After the measurements are taken, you can try to figure out how to make a coat pattern for women. We spread a large sheet of graph paper on the floor or on the table (you can rewind from the roll until you cut it off). We will dance from an arbitrary point, which is better to put somewhere on top of the sheet, closer to the middle, on the right side.
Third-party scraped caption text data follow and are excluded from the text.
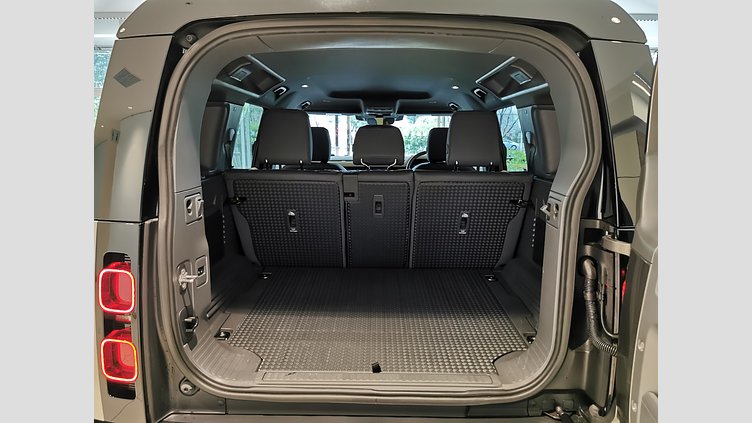 2023 認定中古車 Land Rover Defender 110 シリコンシルバー D300 AWD（AT） X-DYNAMIC SE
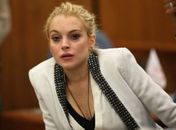 Joalheria leiloará colar de US$ 2.500 roubado por Lindsay Lohan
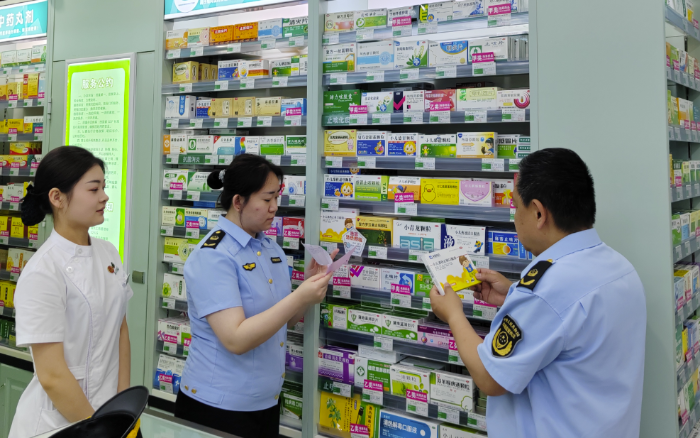 圖為:吉林省公主嶺市“六一”兒童節前開展兒童藥品檢查  王志軍攝 18843471295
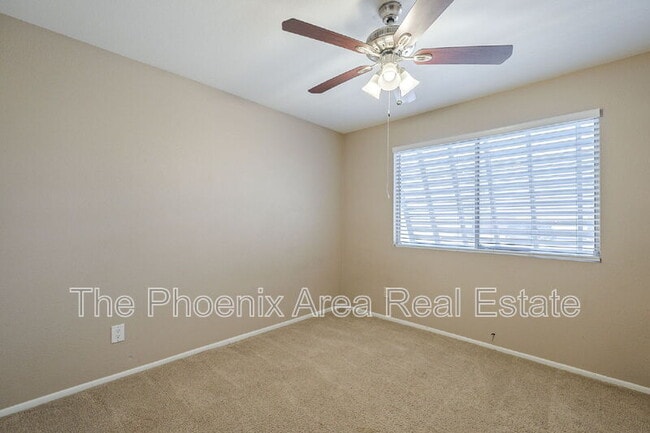 Building Photo - 1556 W Peralta Ave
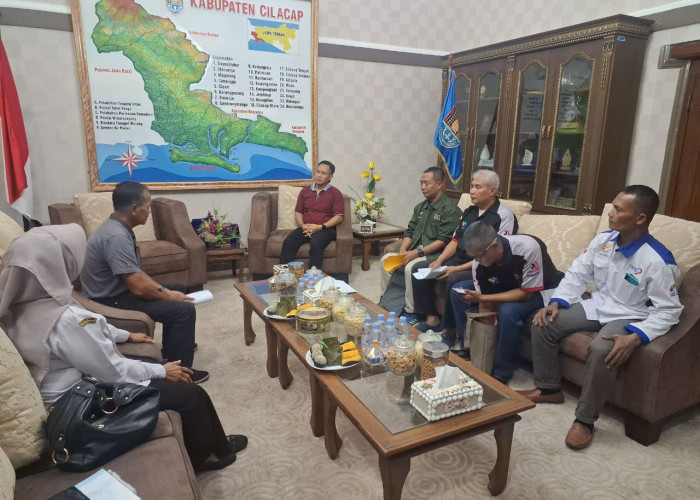 Serikat Pekerja Kembali Audiensi dengan Bupati Cilacap, Tuntut Kenaikan UMK dan Penetapan UMSK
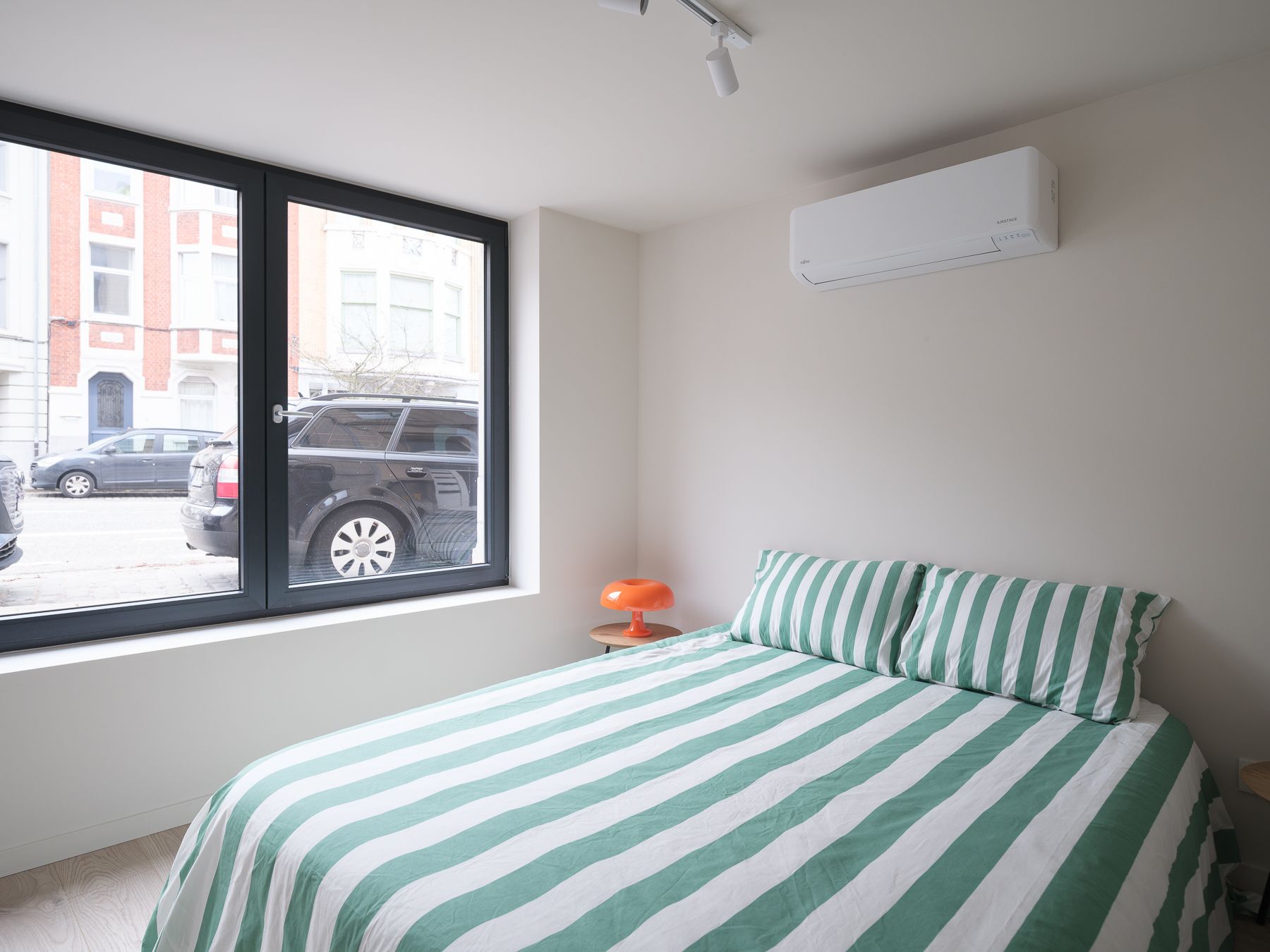 Gerenoveerd energiezuinig tweeslaapkamer appartement met buitenruimte foto 6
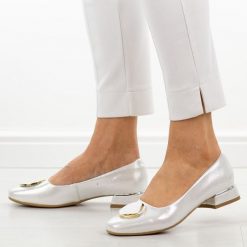 Srebrne mar Polskie czółenka damskie Suzana 2520. Szare czółenka Suzana, na jesień, bez wzorów, ze skóry, eleganckie, bez obcasa, na obcasie, bez zapięcia. Za 249.00 zł.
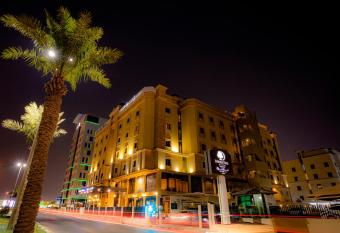 DoubleTree by Hilton Dhahran has Smoking rooms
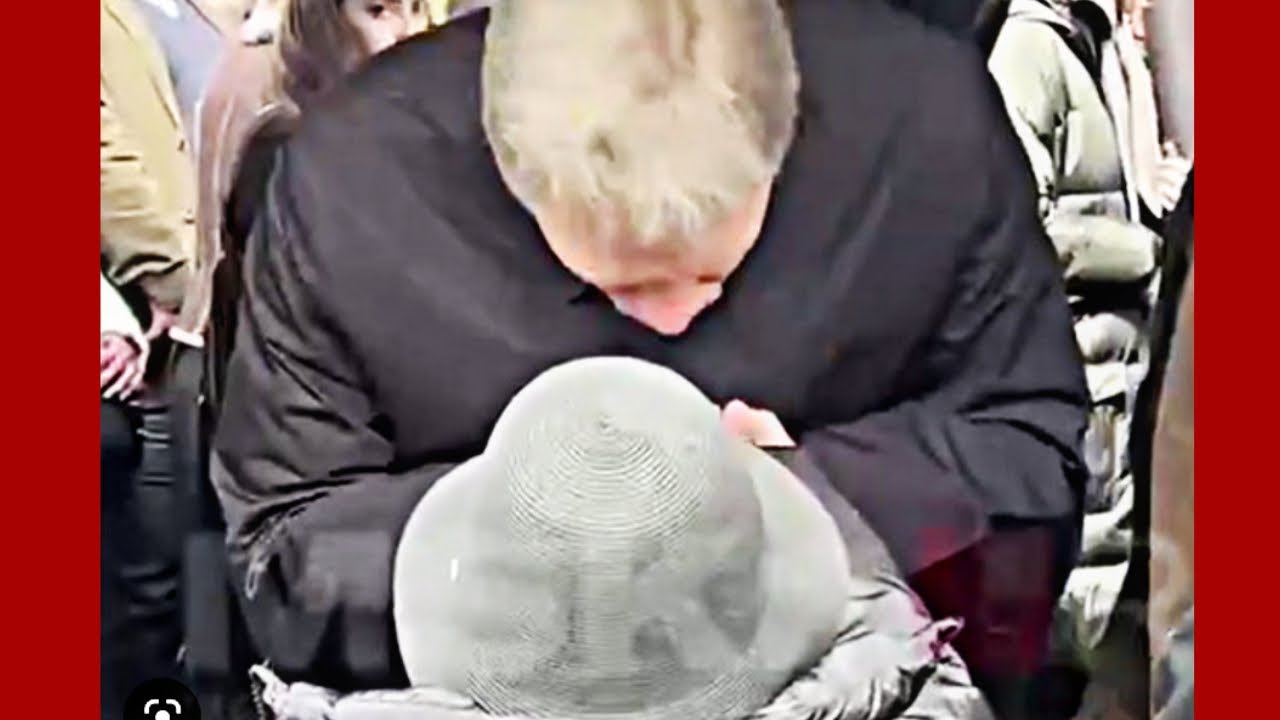 ПЕСКОВ ПОЦЕЛОВАЛ РУКУ ПУГАЧЕВОЙ - ВИДЕО / Правда или фейк? - YouTube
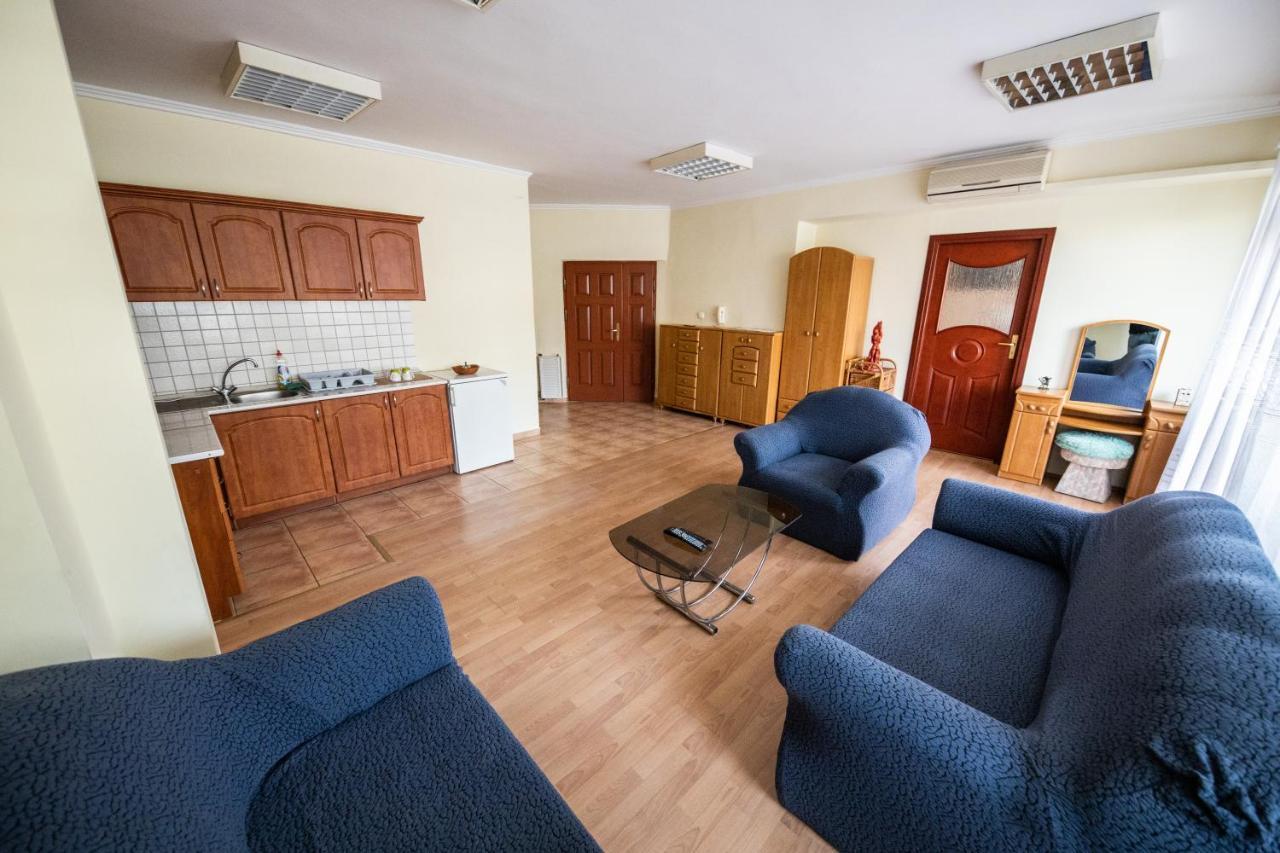 Elit Apartman Debrecen Exterior photo
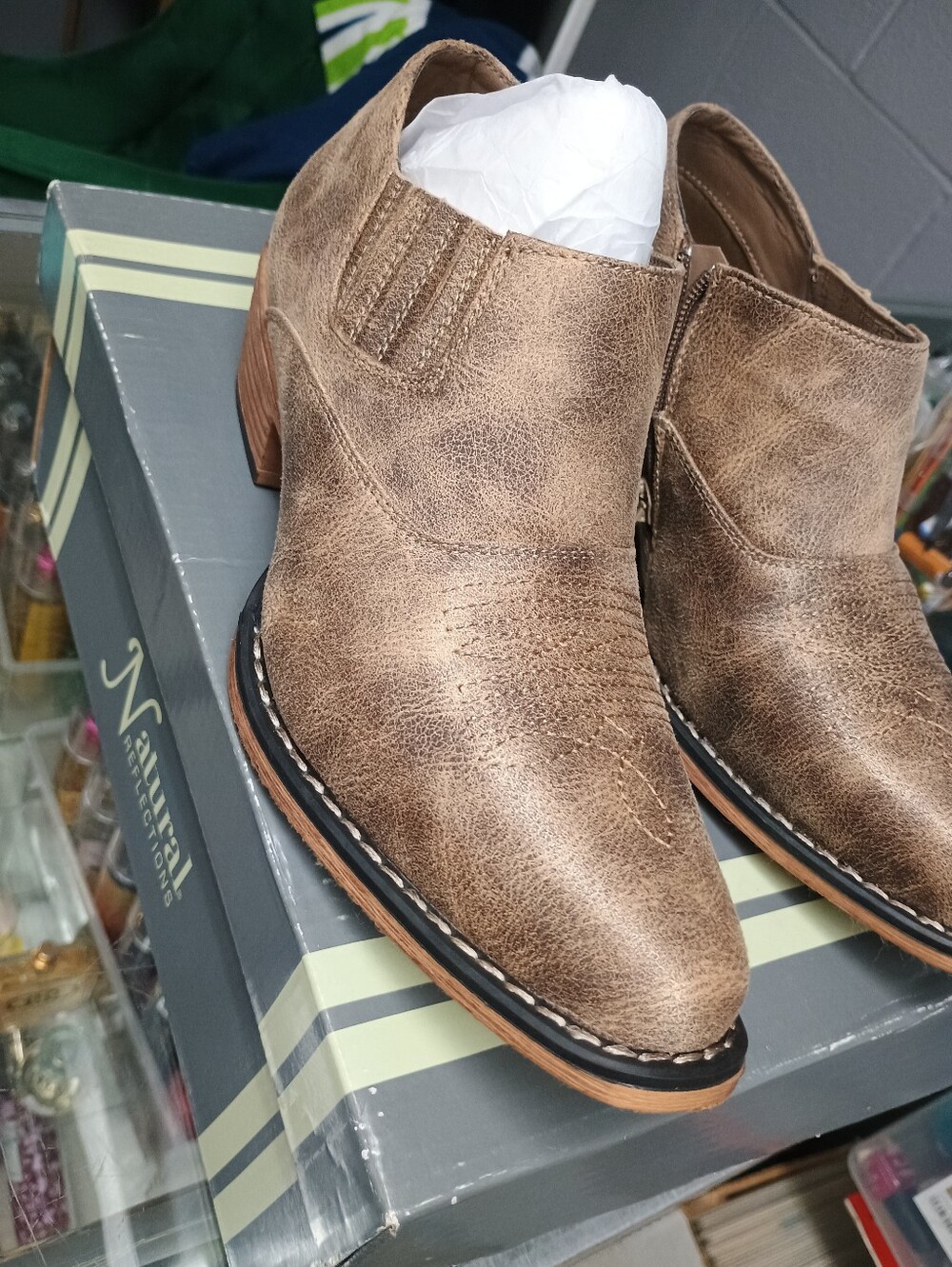 Natural reflection boots Women's Size 6.5M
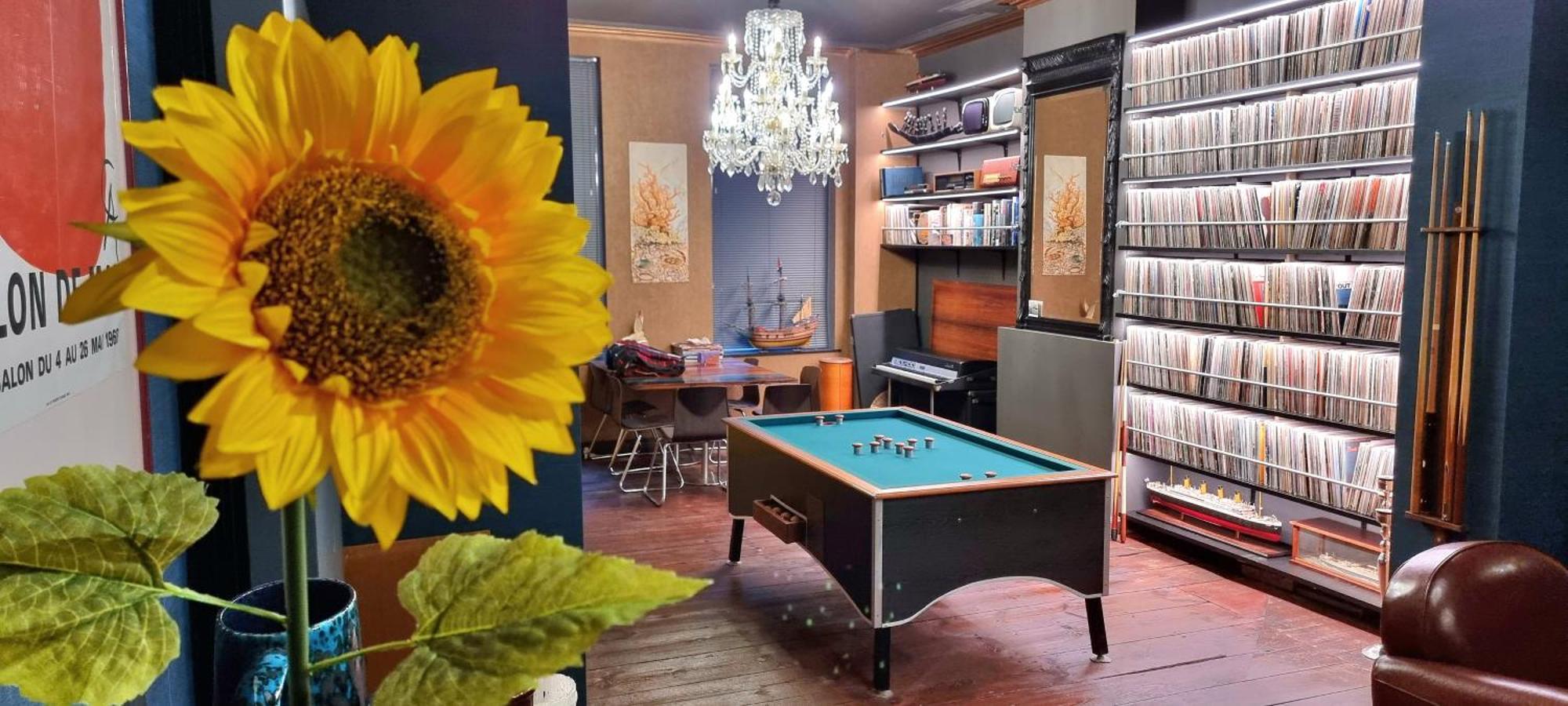 Logies La Chevre Folle - Lodging & Cooking In Style With Shared Kitchen Oostende Buitenkant foto
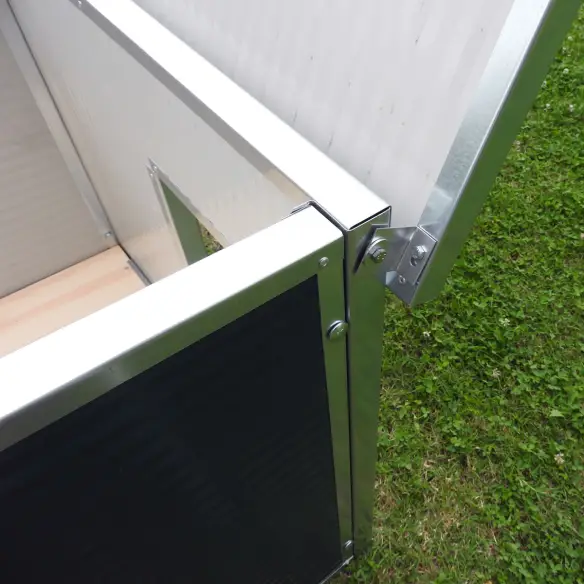 Niche extérieure isolée pour petits chiens verte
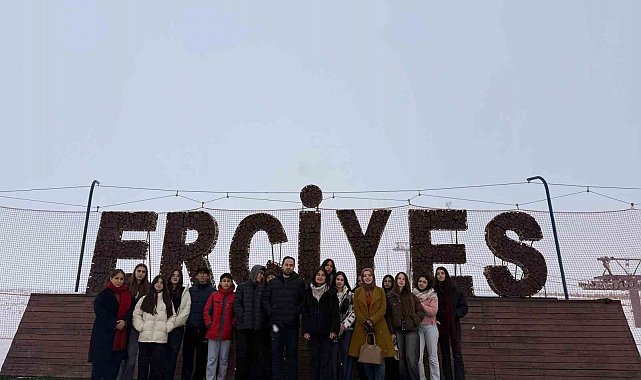 Erciyes'in zirvesinde öğrencilere yönelik 'Uluslararası Dağlar Günü' etkinliği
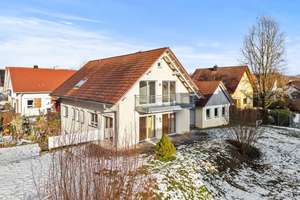 Ein Zuhause mit Raum für Generationen, Garten und Perspektive – Die vollständige Adresse der Immobilie erhältst du vom Anbieter., 88074 Meckenbeuren – Vorschaubild 3
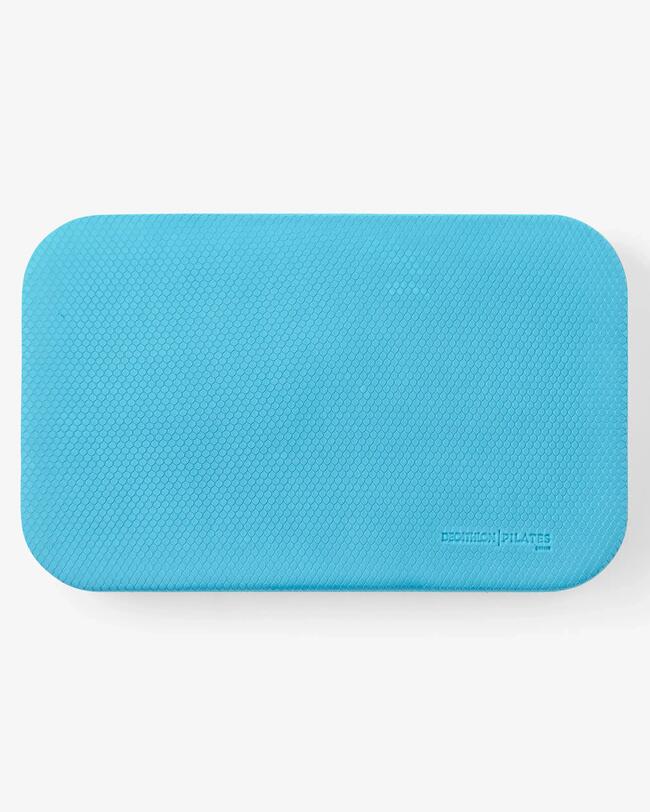 Ein blaues Balance-Pad.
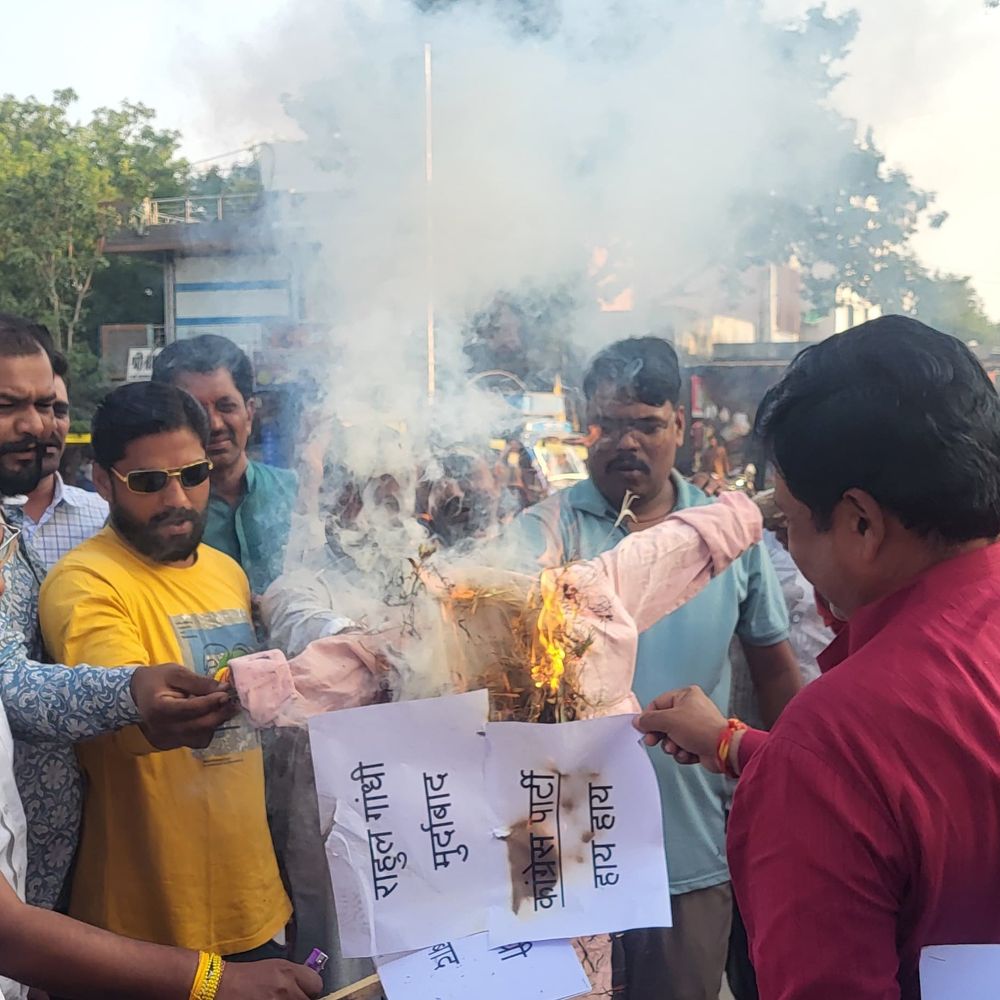 कांग्रेस सांसद के खिलाफ आगर में प्रदर्शन:दिल्ली की छात्राओं ने यौन उत्पीड़न के आरोप लगाए, भाजपा महिला मोर्चा ने कहा- राहुल गांधी चुप क्यों हैं?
All constructions will go from right to left, so you need a little more space on the left side:

  1. Put a point and mark it with Ш, which will mean its location on the neckline.
  2. Set aside your left half-circumference of the chest, 7 cm and another 3 cm - the mark will be located here Ш1: from the mark Ш you will build a shelf, from Ш1 - the back.
  3. Divide your chest circumference by 24.
  4. From Ш1 put this result to the right and another 0.6 cm, put Ш2.
  5. Divide the same measure by 6.
  6. Put the result from the mark Ш1 to the left, and another 0.7 cm in the same direction, this will be the point Ш3 ..
  7. Connect the points Ш2 and Ш3 with a smooth line.

Coat Bottom:

  1. From point W, lay down the length of the product.
  2. Based on this line and the existing values, draw a rectangle.
  3. On the line that goes from W1 towards the bottom, set aside the distance to the chest and waist lines.
  4. Put the markers G1 and T1, draw horizontal lines through them.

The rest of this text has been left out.